China accuses US of oil theft

18 Jan, 2023 03:20 / Updated 2 years ago
American “occupation troops” stationed in Syria are “looting” the country’s resources, Beijing has claimed

China has blasted the United States for its “banditry” in Syria, claiming that Washington’s years-long military occupation and the “plundering” of Syrian resources have placed the country on the brink of a “humanitarian disaster.”

Addressing reporters during a press briefing on Tuesday, Chinese Foreign Ministry spokesman Wang Wenbin was asked to comment on recent reports in Syrian media that US forces had transported a large quantity of “looted oil” from Syria to Iraq earlier this month. 

“We are struck by the blatancy and egregiousness of the US’s plundering of Syria… Such banditry is aggravating the energy crisis and humanitarian disaster in Syria,” he said, citing Syrian government statistics purporting that “over 80% of Syria’s daily oil output was smuggled out of the country by US occupation troops” in the first half of 2022.

The level of US greed in stealing resources from Syria is as striking as its “generosity” in giving out military aid often in the amount of billions or even tens of billions dollars.

“Whether the US gives or takes, it plunges other countries into turmoil and disaster, and the US gets to reap the benefits for its hegemony and other interests,” he added. “This is the result of the US’s so-called “rules-based order.””

On January 14, Damascus’ state-run Syrian Arab News Agency (SANA) reported that “a convoy consisting of 53 tanks loaded with stolen Syrian oil” were brought from the country’s Hasakah province to US “bases in Iraqi territory,” noting the operation was carried out alongside local Kurdish militants which have long received American backing. The outlet also stated that 60 additional trucks smuggled stolen oil and wheat into Iraq earlier this month.

“The Syrian people’s right to life is being ruthlessly trampled on by the US. With little oil and food to go by, the Syrian people are struggling even harder to get through the bitter winter,” Wang added, demanding that “the US must answer for its oil theft.”

US forces were first sent to Syria in 2014, beginning with a contingent of special operators followed by more conventional ground troops the next year, most embedded with Kurdish fighters in the country’s oil-rich northeast. Though then-President Barack Obama maintained the deployment was focused only on combating Islamic State (IS, formerly ISIS) terrorists, Washington had long intervened in Syria’s war against jihadist groups, sending and overseeing countless arms shipments to rebels seeking to overthrow the government in Damascus beginning as early as 2013.
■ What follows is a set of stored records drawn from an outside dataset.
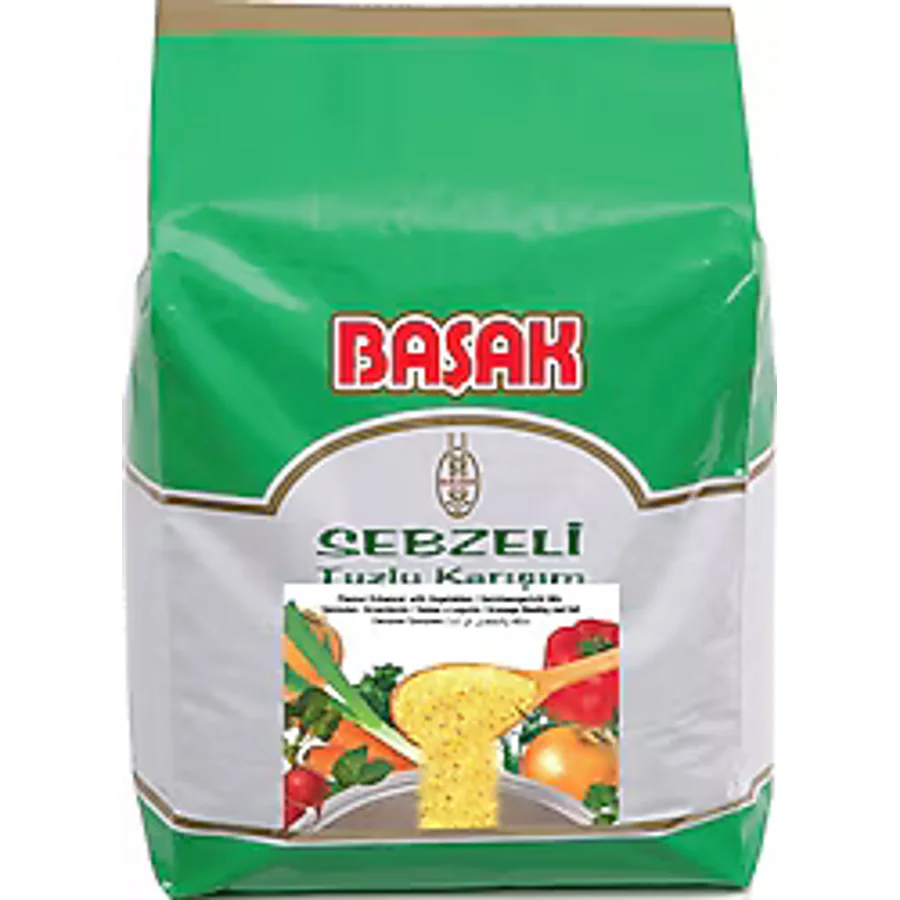Başak Sebzeli Karışım 3 kg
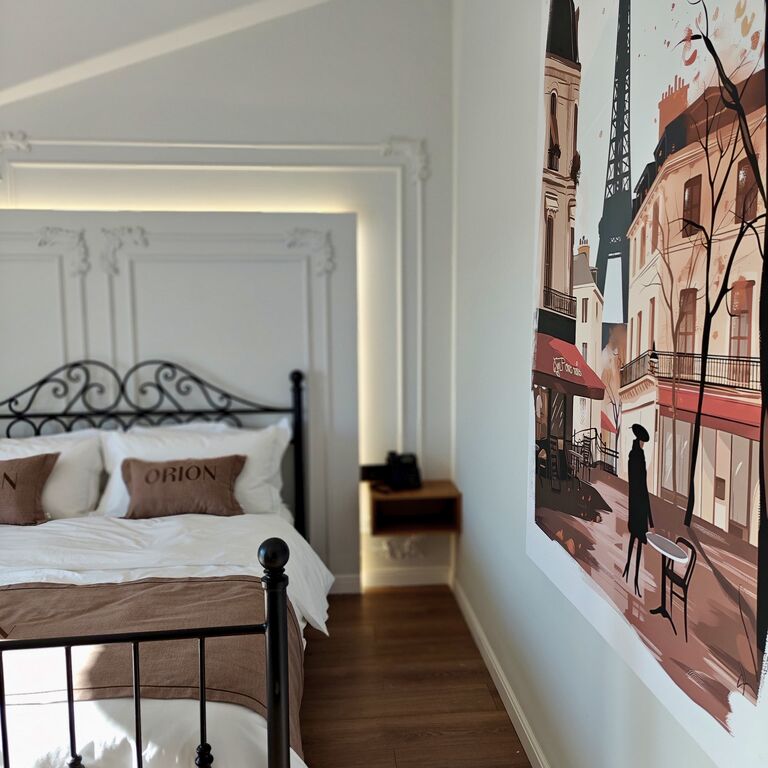 Orion Palace Boutique Hote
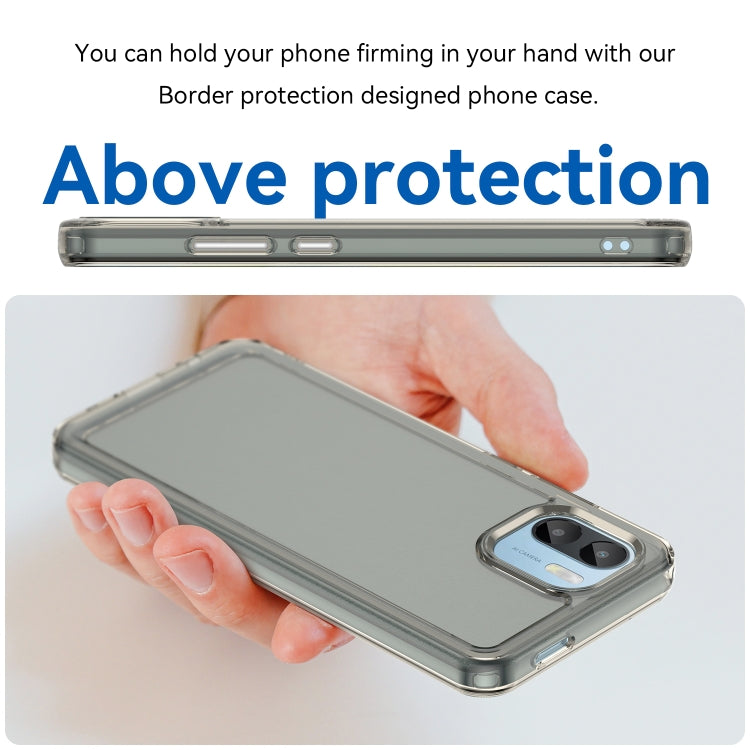 For Xiaomi Redmi A1 Candy Series TPU Phone Case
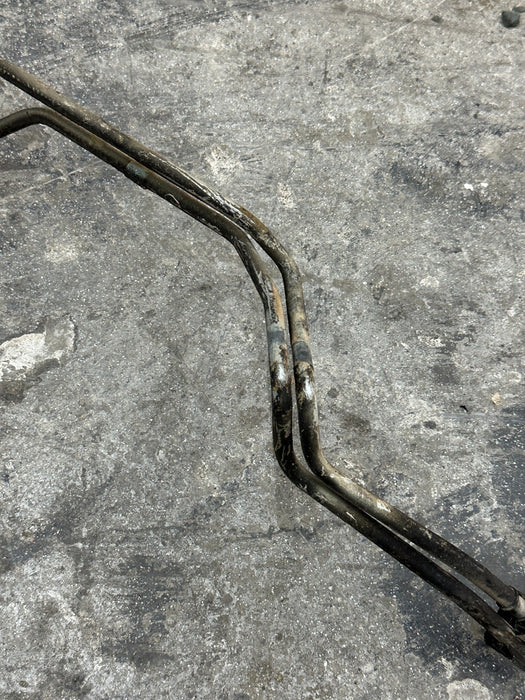 2020 FORD F250 F350 6.7L SUPERDUTY POWER STEERING RETURN HOSE LINES OEM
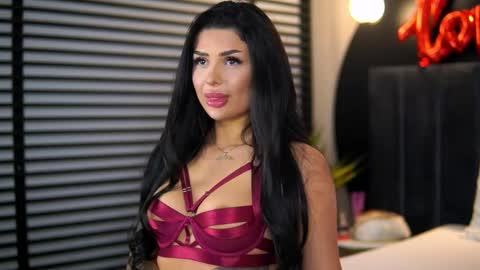 Kylie online show from 02.14.26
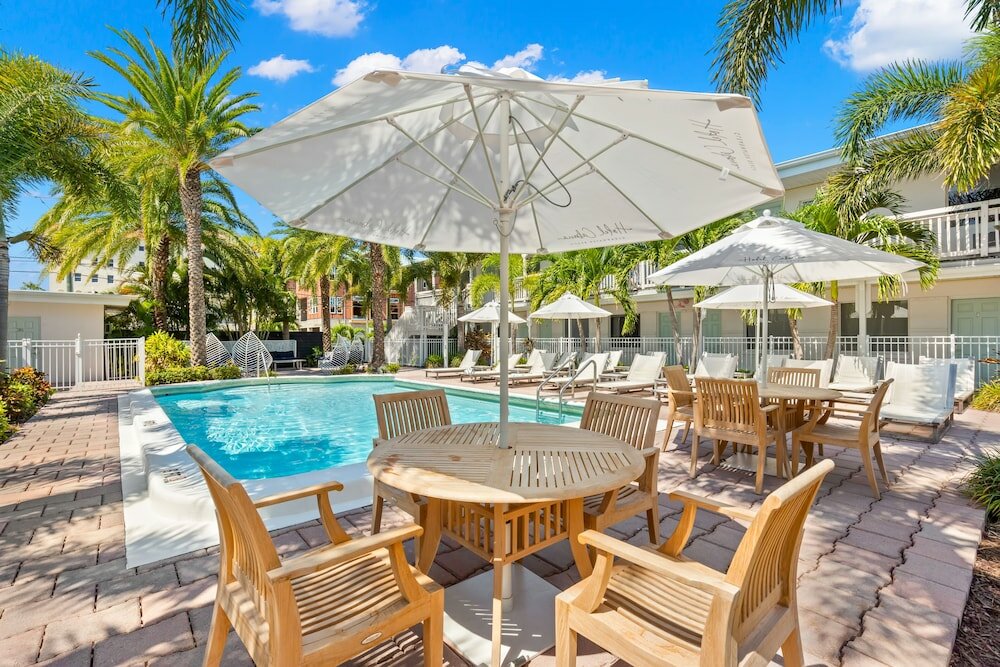 Фото Hotel Cabana Clearwater Beach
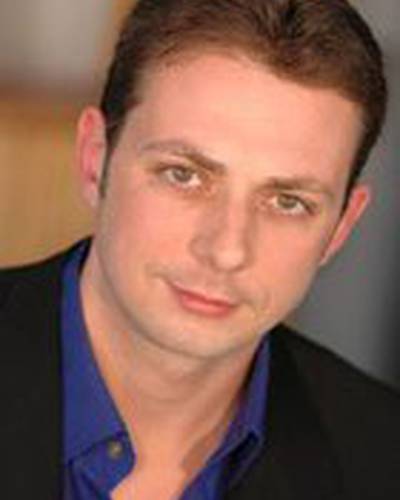 Фрэнк Блейк фото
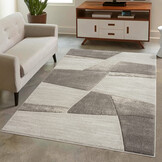 Bonito Modern - 80x150cm - Loper Bruin Beige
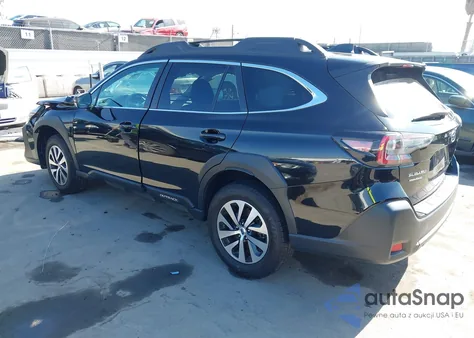 2023 Subaru Outback Premium z USA, uszkodzony, nr VIN 4S4BTAFCXP3157904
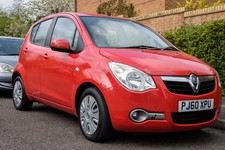 Vauxhall Agila 1.2 VVT S | 62k Miles | 11 Services | Long MOT | Ideal First Car
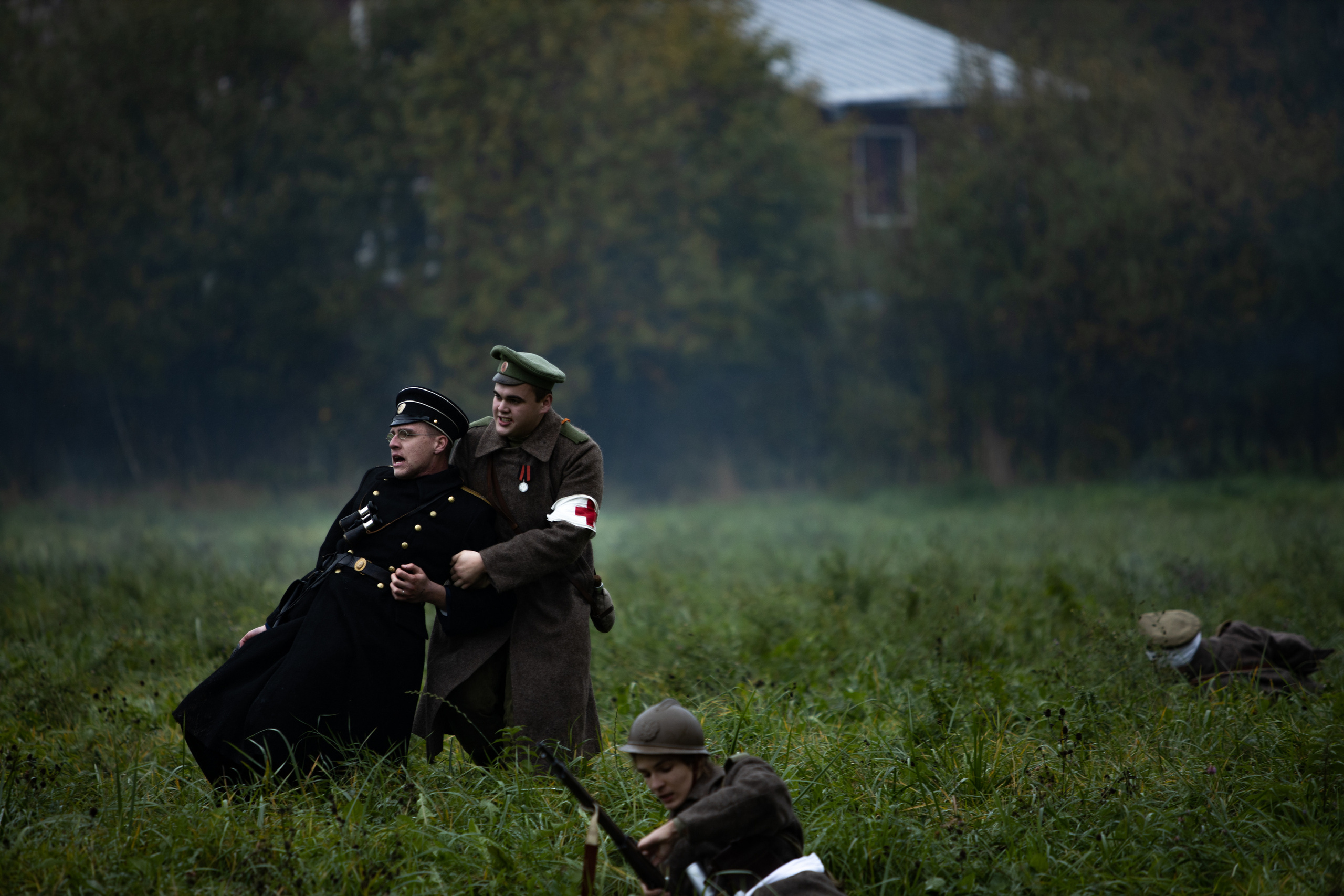 Репортаж. Портретный фотограф Сергей Лищенюк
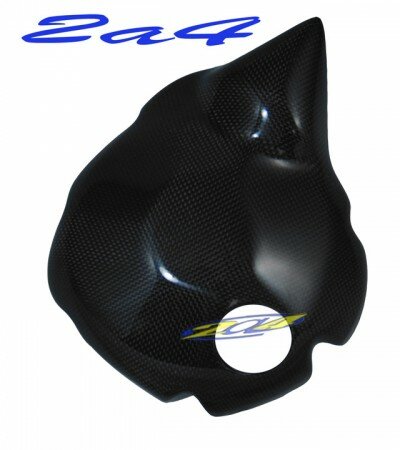 Caches Embrayage Carbone YZF R1 2004/2006 ( PAIRE )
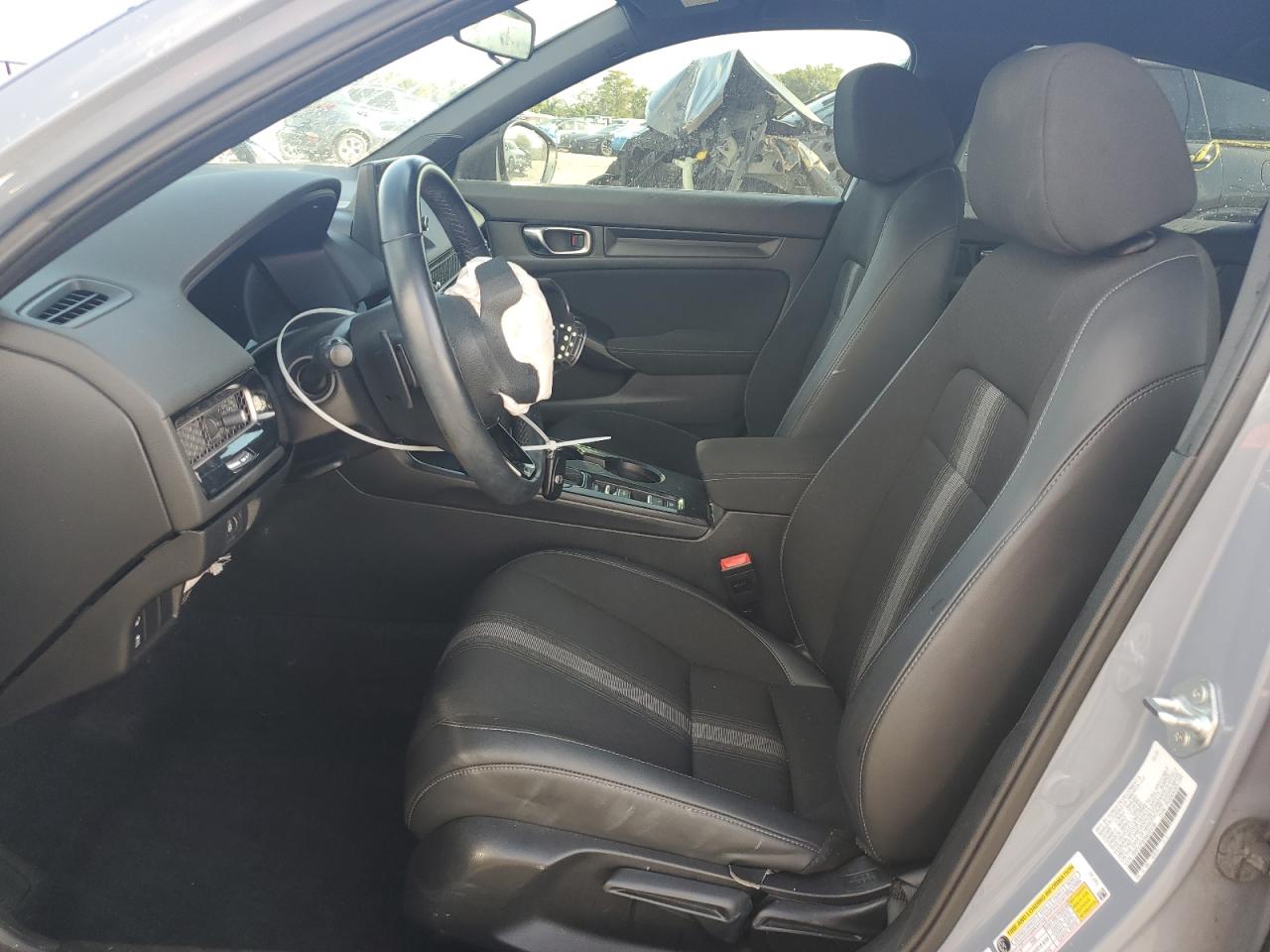 2022 Honda Civic Sport VIN: 19XFL2H83NE023746 Lot: 85006935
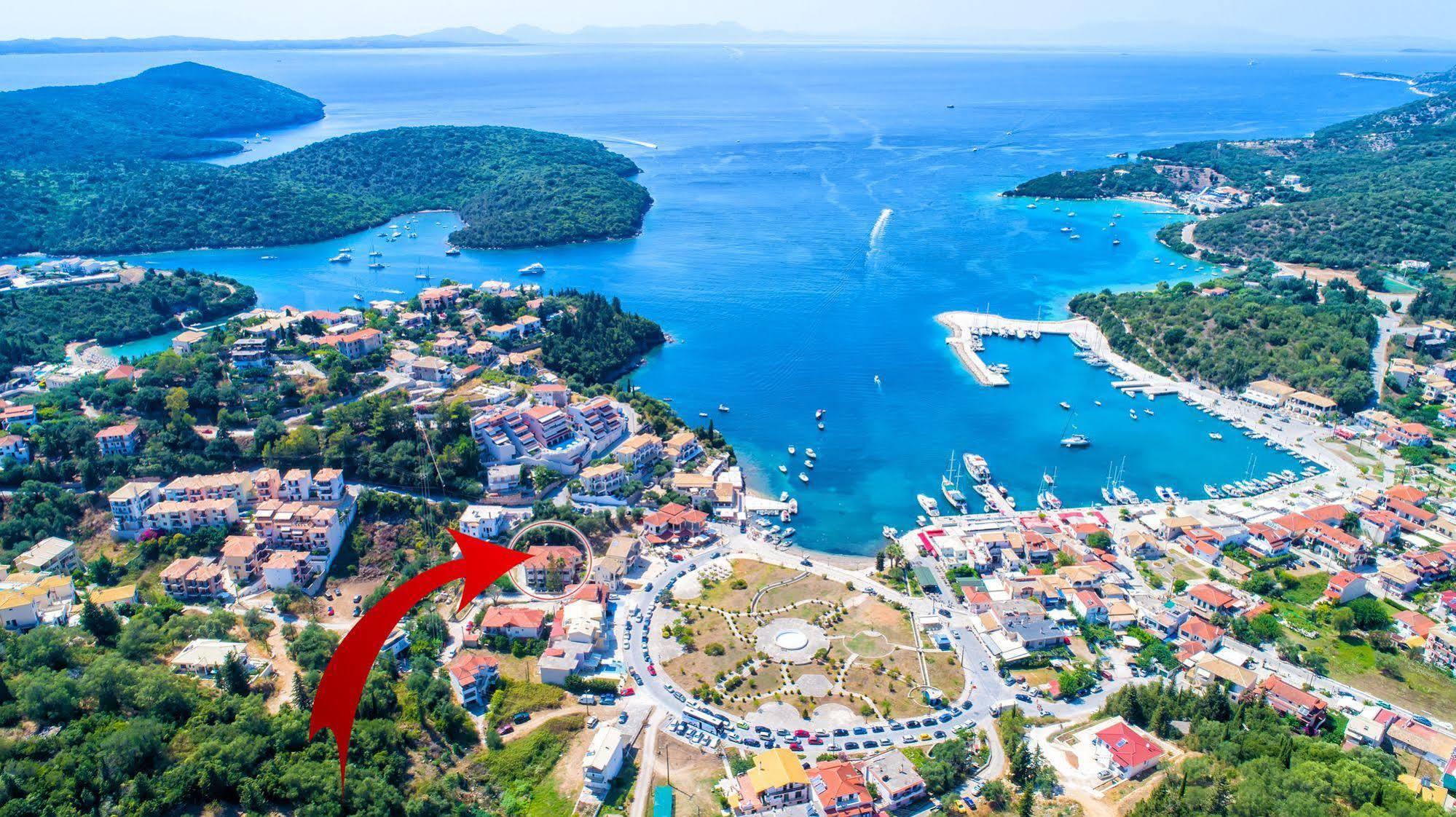 Hotel Oriana - Adults Only Sívota 外观 照片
Though American involvement in the conflict slowed under the next administration, in 2019 President Donald Trump said some US troops would remain in Syria “for the oil,” openly suggesting Washington would simply “keep” the energy resources. 

Subsequent reporting in 2020 would later reveal that the Trump administration had approved a deal between a US energy firm and Kurdish authorities controlling northeast Syria to “develop and export the region’s crude oil” – a contract immediately condemned as “illegal” by Damascus. However, while that particular deal would later fall through after President Joe Biden took office, Syrian authorities have continued to accuse Washington of plundering its resources and some 900 US troops remain in the country illegally.